Hermanos y hermanas, dirijamos
hoy a Cristo nuestra mirada, con frecuencia distraída por intereses terrenos
superficiales y efímeros. Detengámonos a contemplar su cruz. La cruz es
manantial de vida inmortal; es escuela de justicia y de paz; es patrimonio universal
de perdón y de misericordia; es prueba permanente de un amor oblativo e
infinito que llevó a Dios a hacerse hombre, vulnerable como nosotros, hasta
morir crucificado. Sus brazos clavados se abren para cada ser humano y nos
invitan a acercarnos a él con la seguridad de que nos va a acoger y estrechar
en un abrazo de infinita ternura: «Cuando sea levantado de la tierra, atraeré a
todos hacia mí» (Jn 12, 32).
A través del camino doloroso de
la cruz, los hombres de todas las épocas, reconciliados y redimidos por la
sangre de Cristo, han llegado a ser amigos de Dios, hijos del Padre celestial.
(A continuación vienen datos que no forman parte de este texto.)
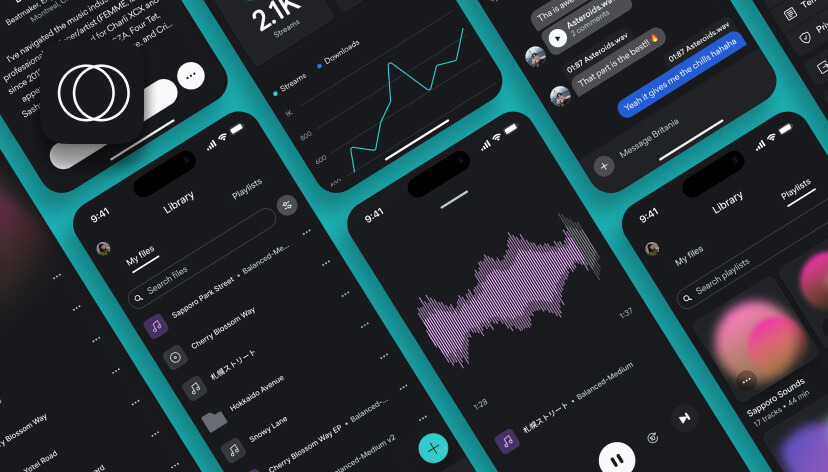 LANDR Mobile App interface collage showing dark-themed screens with audio streaming stats (2.1K streams), library, playlists, and chat features, labeled 'A second chance at making a first impression'.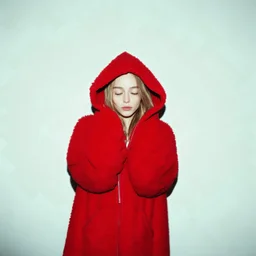 Lily rosedepp,avec un long pull a capuche en angora rouge jusquaux, polaroid, elle a les yeux fermés
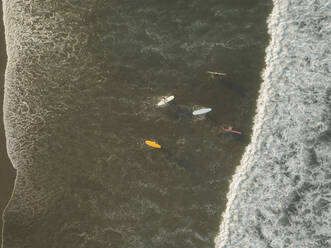 Aerial view of surfers at the beach - CAVF66080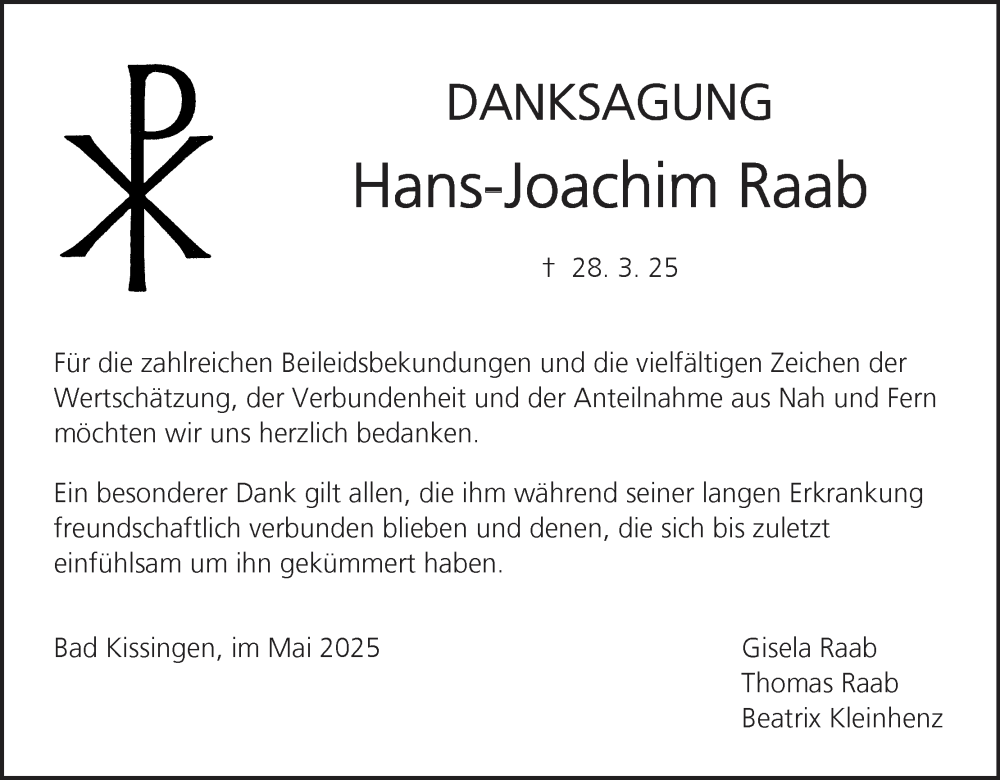  Traueranzeige für Hans-Joachim Raab vom 17.05.2025 aus MGO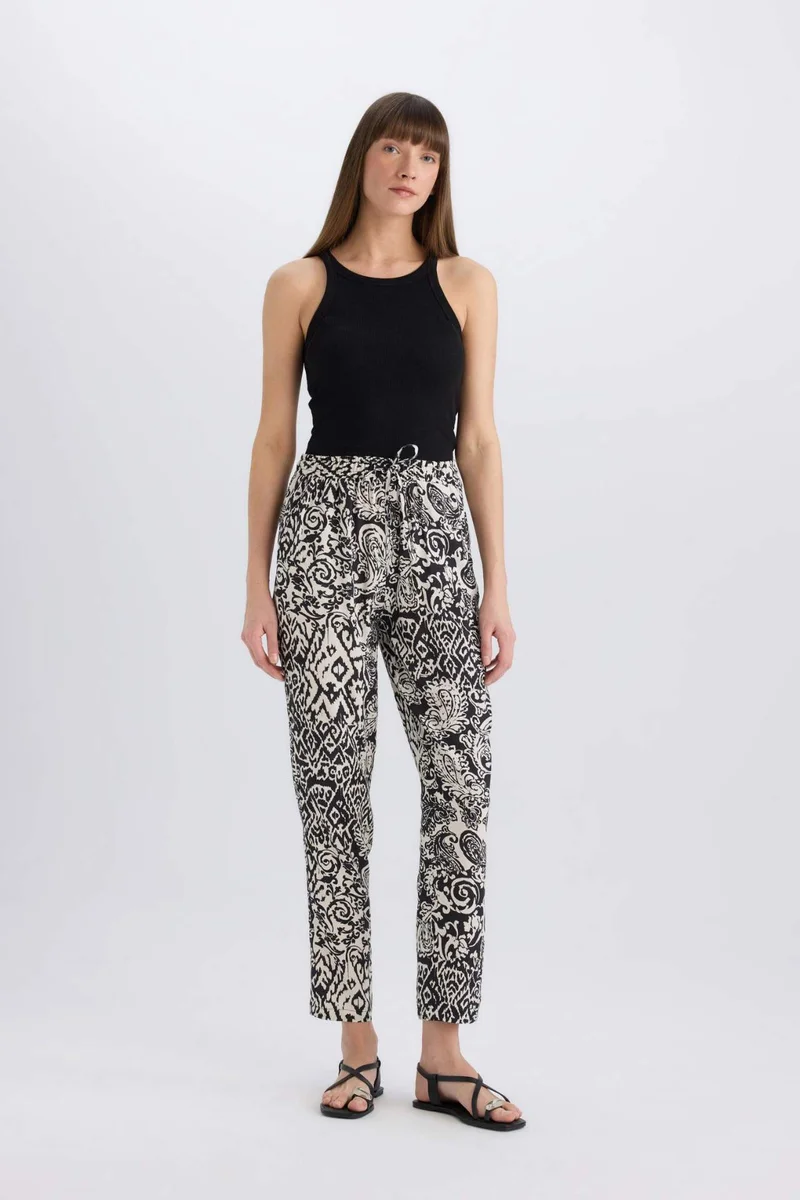 DeFacto Harem With Pockets Printed Trousers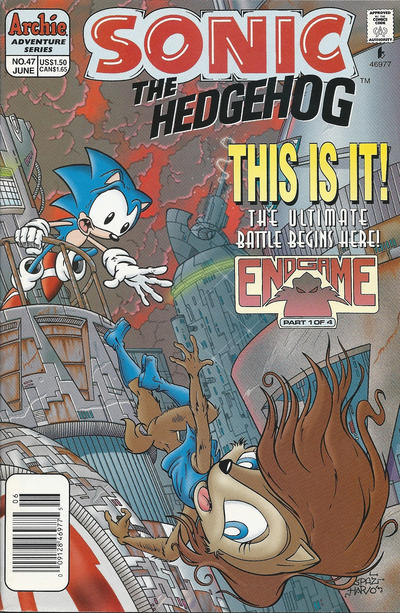 Cover for Sonic the Hedgehog (Archie, 1993 series) #47 [Newsstand]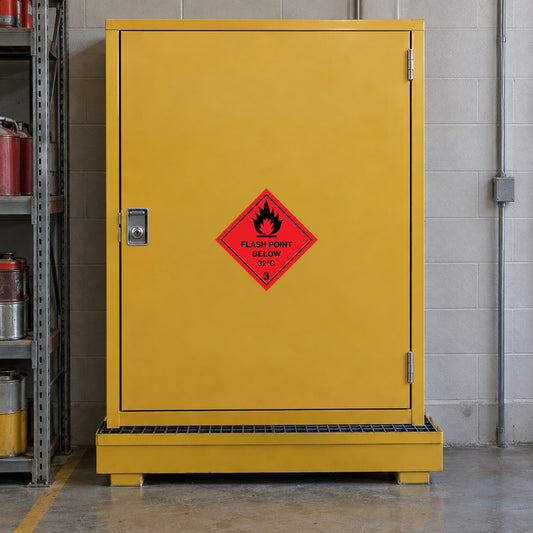 Hazardous safety sign sticker: red diamond flame with “Flash Point Below 32C”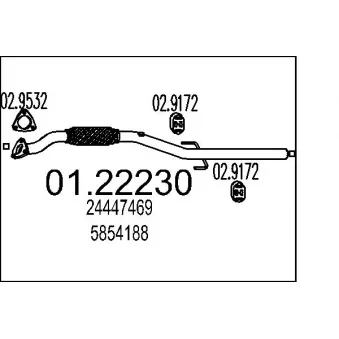 Tuyau d'échappement MTS 01.22230 pour OPEL VECTRA 1.8 16V - 122cv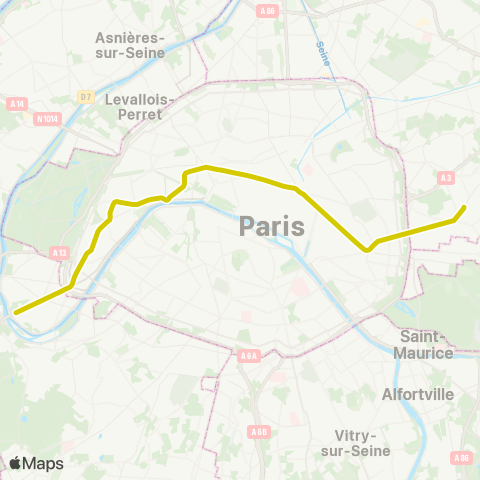 RATP Pont de Sèvres <> Mairie de Montreuil map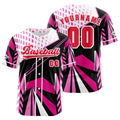Camiseta de béisbol rosa personalizada con botones para hombre mujer adulto y joven Estampado de nombre número y logotipo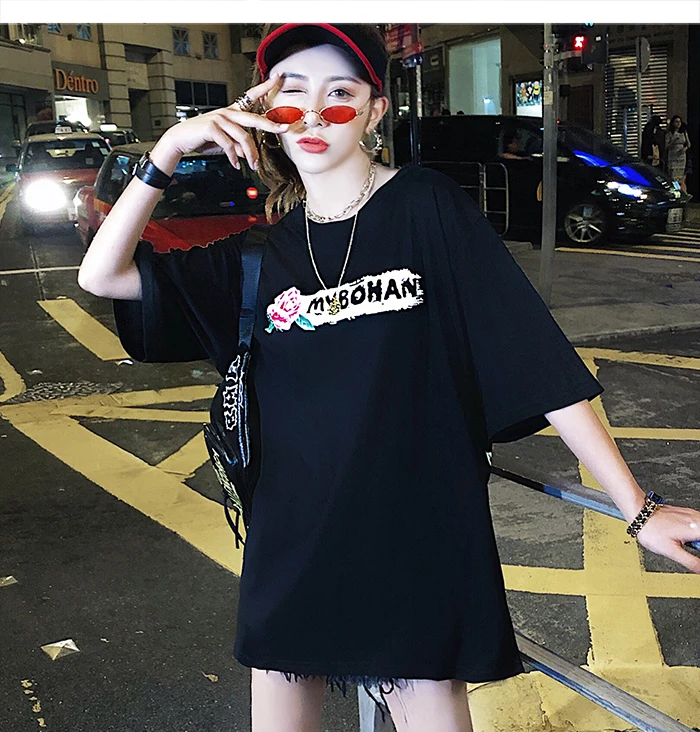 Aelfric цветок змея печатных китайский стиль мощность футболка для женщин хип хоп повседневное свободные пара футболка корейский Harajuku Готик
«Amigo», así llama Jesús a Judas y le dirige el último y dramático llamamiento
a la conversión. «Amigo» nos llama a cada uno de nosotros, porque es verdadero
amigo de todos. Por desgracia, los hombres no siempre logran percibir la
profundidad de este amor infinito que Dios tiene a sus criaturas. Para él no
hay diferencia de raza y cultura. Jesucristo murió para librar a toda la
humanidad de la ignorancia de Dios, del círculo de odio y venganza, de la
esclavitud del pecado. La cruz nos hace hermanos.
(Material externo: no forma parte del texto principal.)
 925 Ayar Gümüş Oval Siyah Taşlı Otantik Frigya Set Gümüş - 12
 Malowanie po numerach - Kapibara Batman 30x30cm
Pero preguntémonos: ¿qué hemos
hecho con este don?, ¿qué hemos hecho con la revelación del rostro de Dios en
Cristo, con la revelación del amor de Dios que vence al odio? También en
nuestra época, muchos no conocen a Dios y no pueden encontrarlo en Cristo
crucificado. Muchos buscan un amor y una libertad que excluya a Dios. Muchos creen
que no tienen necesidad de Dios.
Queridos amigos, después de vivir
juntos la pasión de Jesús, dejemos que en esta noche nos interpele su
sacrificio en la cruz. Permitámosle que ponga en crisis nuestras certezas
humanas. Abrámosle el corazón. Jesús es la verdad que nos hace libres para
amar. ¡No tengamos miedo! Al morir, el Señor salvó a los pecadores, es decir, a
todos nosotros. El apóstol san Pedro escribe: «Sobre el madero llevó nuestros
pecados en su cuerpo a fin de que, muertos a nuestros pecados, viviéramos para
la justicia; por sus llagas habéis sido curados» (1 P 2, 24). Esta es la verdad
del Viernes santo: en la cruz el Redentor nos devolvió la dignidad que nos
pertenece, nos hizo hijos adoptivos de Dios, que nos creó a su imagen y
semejanza. Permanezcamos, por tanto, en adoración ante la cruz.
Cristo, Rey crucificado, danos el verdadero conocimiento de ti, la alegría que anhelamos, el amor que llene nuestro corazón sediento de infinito. Esta es nuestra oración en esta noche, Jesús, Hijo de Dios, muerto por nosotros en la cruz y resucitado al tercer día. Amén.